■ **WHAT YOU ARE ASKED TO DO**: Below are the records; copy every line in them that holds the string "Minimalist".

########################################

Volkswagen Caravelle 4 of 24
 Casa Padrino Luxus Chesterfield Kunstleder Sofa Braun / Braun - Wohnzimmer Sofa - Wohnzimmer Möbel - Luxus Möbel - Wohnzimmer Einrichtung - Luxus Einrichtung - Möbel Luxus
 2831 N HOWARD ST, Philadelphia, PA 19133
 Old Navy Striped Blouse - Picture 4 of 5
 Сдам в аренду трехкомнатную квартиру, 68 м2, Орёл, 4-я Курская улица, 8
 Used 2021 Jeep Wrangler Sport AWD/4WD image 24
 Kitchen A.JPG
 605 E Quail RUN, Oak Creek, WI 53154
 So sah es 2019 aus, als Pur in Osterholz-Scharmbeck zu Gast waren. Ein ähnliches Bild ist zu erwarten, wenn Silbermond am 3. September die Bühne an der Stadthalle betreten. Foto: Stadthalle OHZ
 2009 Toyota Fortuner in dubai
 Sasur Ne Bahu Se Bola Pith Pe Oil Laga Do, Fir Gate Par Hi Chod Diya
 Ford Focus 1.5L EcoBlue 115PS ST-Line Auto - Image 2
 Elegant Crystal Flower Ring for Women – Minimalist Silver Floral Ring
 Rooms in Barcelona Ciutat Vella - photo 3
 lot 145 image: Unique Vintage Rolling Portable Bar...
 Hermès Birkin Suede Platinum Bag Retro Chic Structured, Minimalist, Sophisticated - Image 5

########################################

■ **RESULT**:
 Elegant Crystal Flower Ring for Women – Minimalist Silver Floral Ring
 Hermès Birkin Suede Platinum Bag Retro Chic Structured, Minimalist, Sophisticated - Image 5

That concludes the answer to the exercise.